Crawled caption data
◇ ◇ ◇ ◇

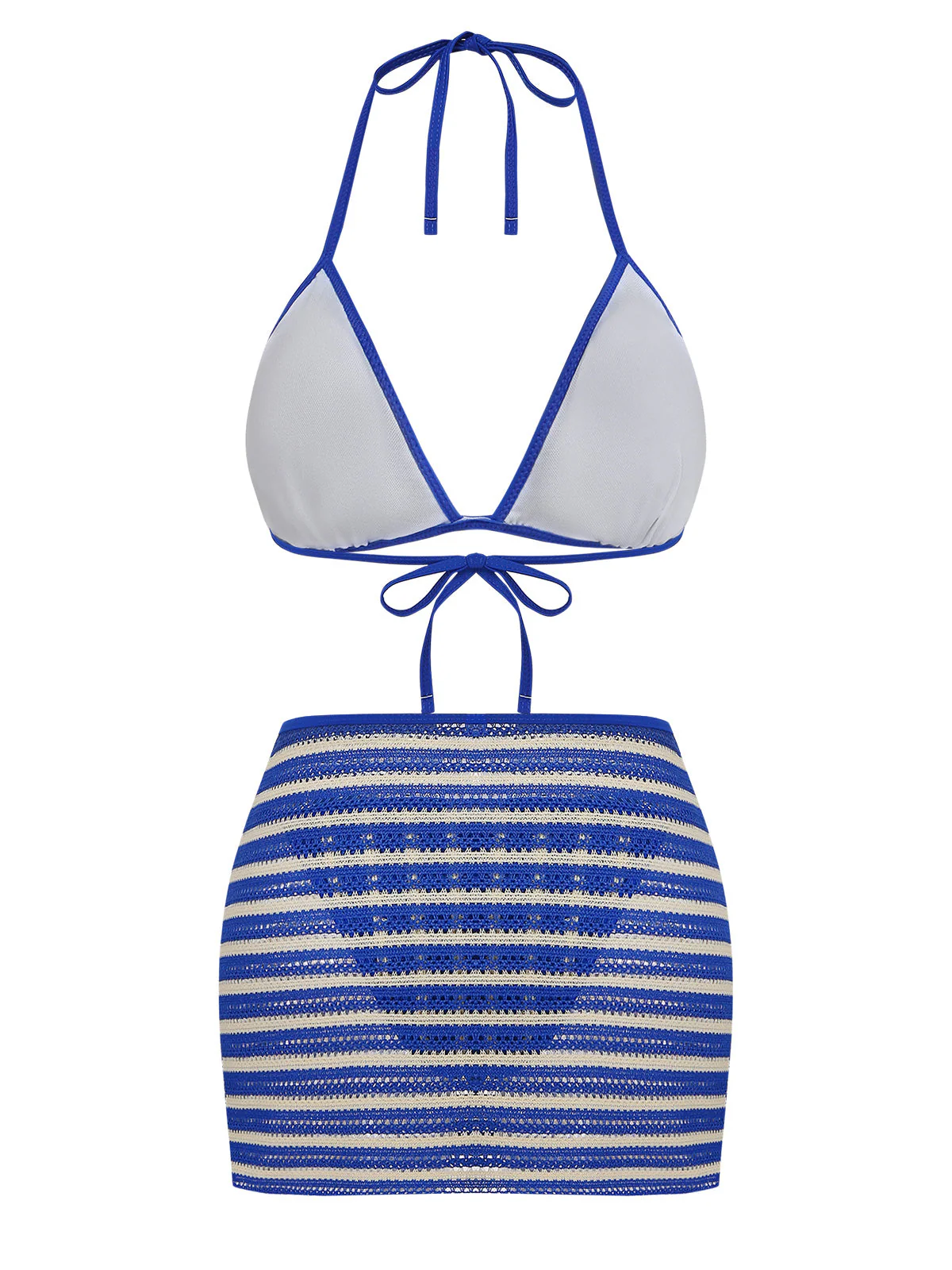 3PCS Blue 1960s Halter Striped Bikini Set & Cover Up - Image 3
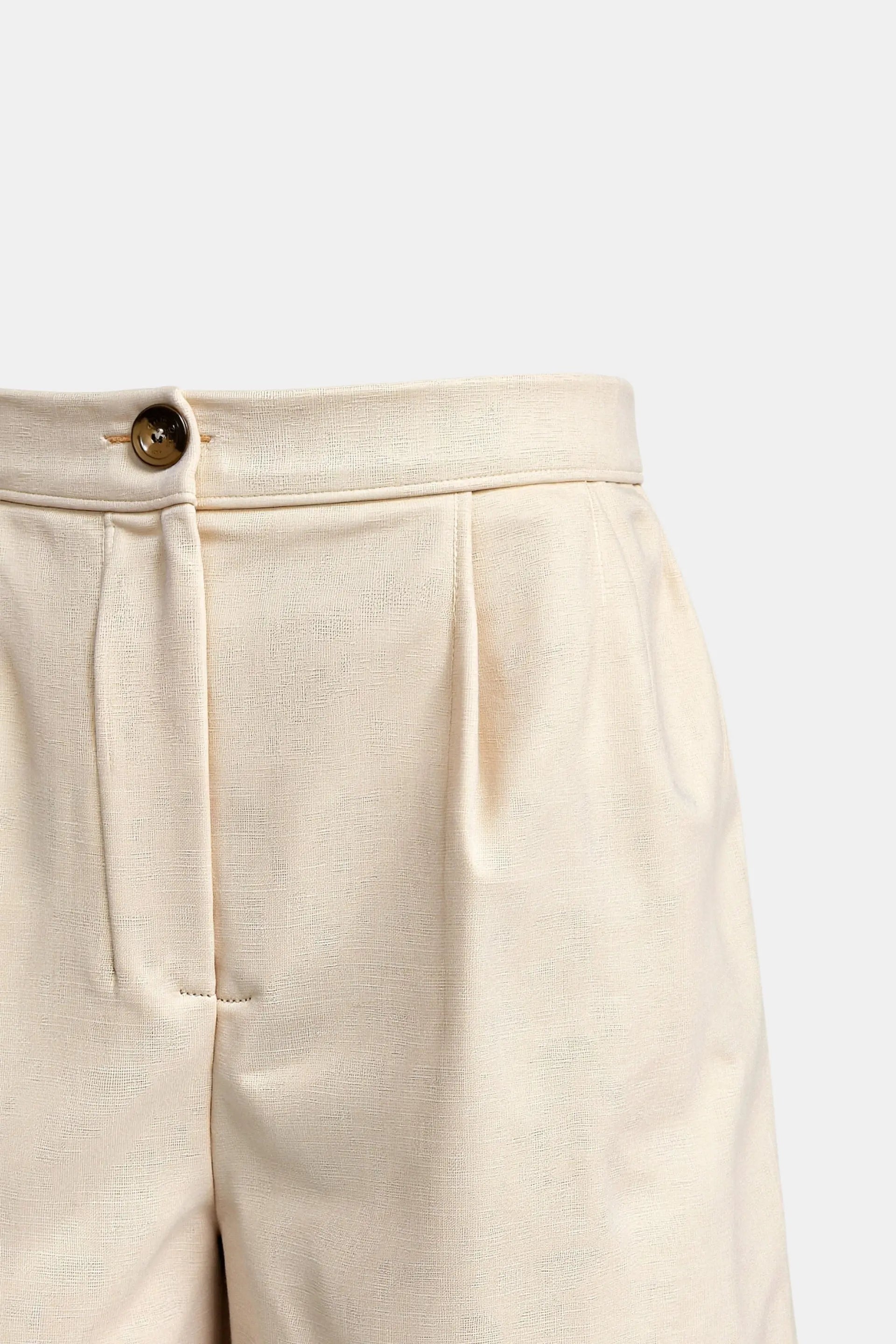 Classic Linen-Blend High-Waisted Shorts in Beige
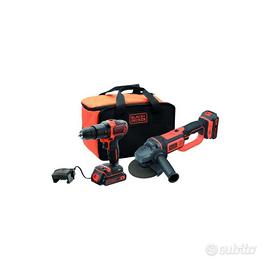 BLACK&DECKER Trapano+Smerigliatrice+2 batterie 2ah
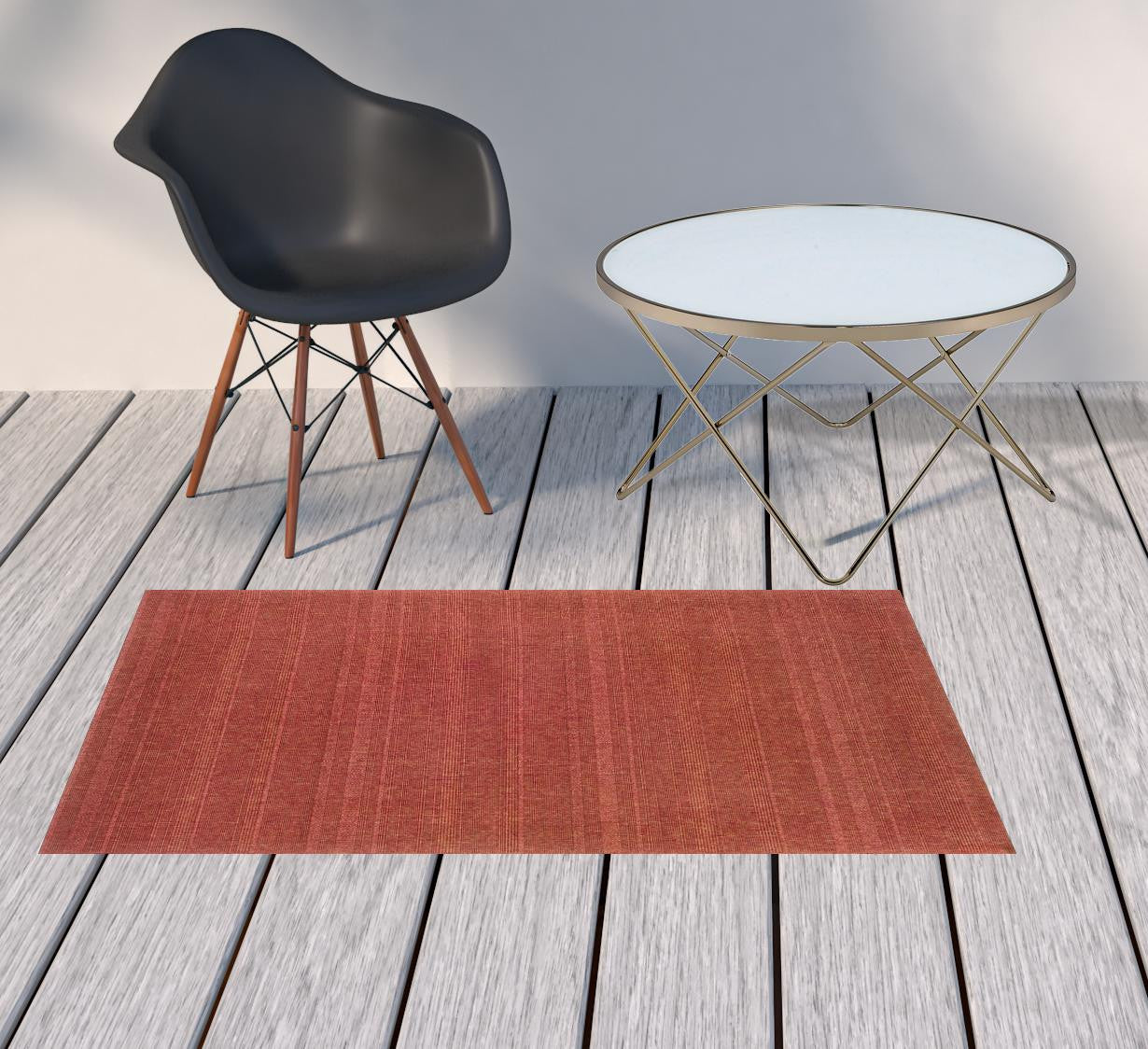 3' X 5' Red Stain Resistant Indoor Outdoor Area Rug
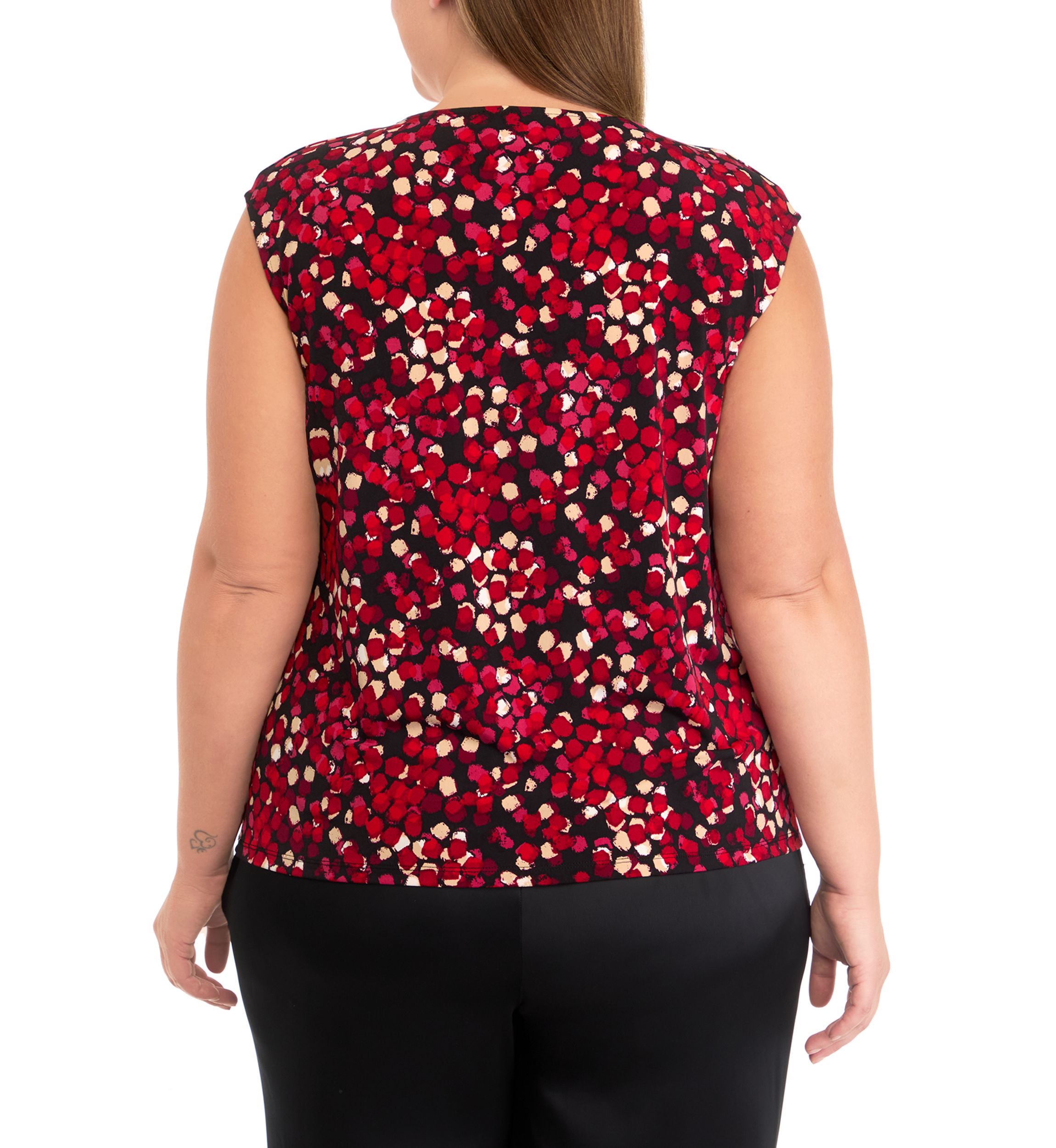 Plus Size Cap Sleeve Cowl Neck Blouse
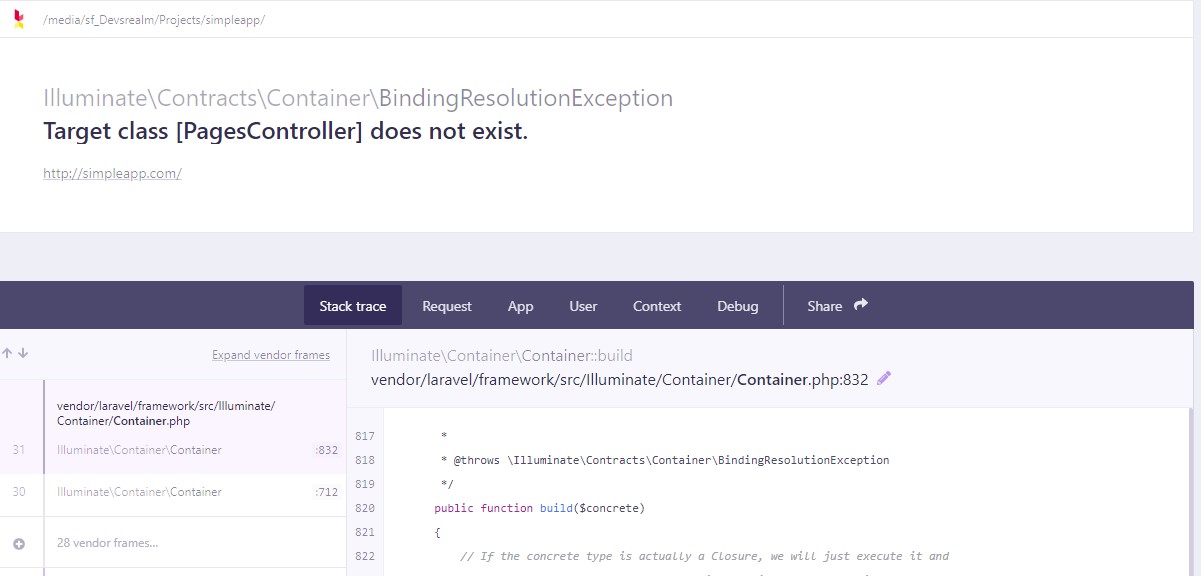 Laravel Controller does not exist error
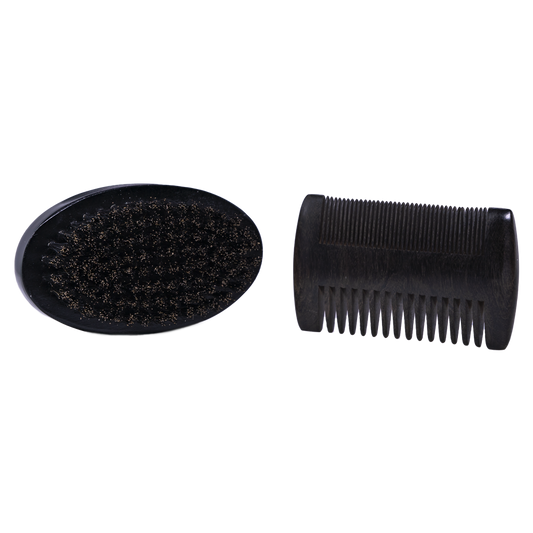 Golden Grooming Co. - Beard Grooming Kit: Brush & Comb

◇ ◇ ◇ ◇

### What you are asked to do
Output the records above character for character, but leave each image out.

### Solution for this task
 3PCS Blue 1960s Halter Striped Bikini Set & Cover Up - Image 3
 Classic Linen-Blend High-Waisted Shorts in Beige
 BLACK&DECKER Trapano+Smerigliatrice+2 batterie 2ah
 3' X 5' Red Stain Resistant Indoor Outdoor Area Rug
 Plus Size Cap Sleeve Cowl Neck Blouse
 Laravel Controller does not exist error
 Golden Grooming Co. - Beard Grooming Kit: Brush & Comb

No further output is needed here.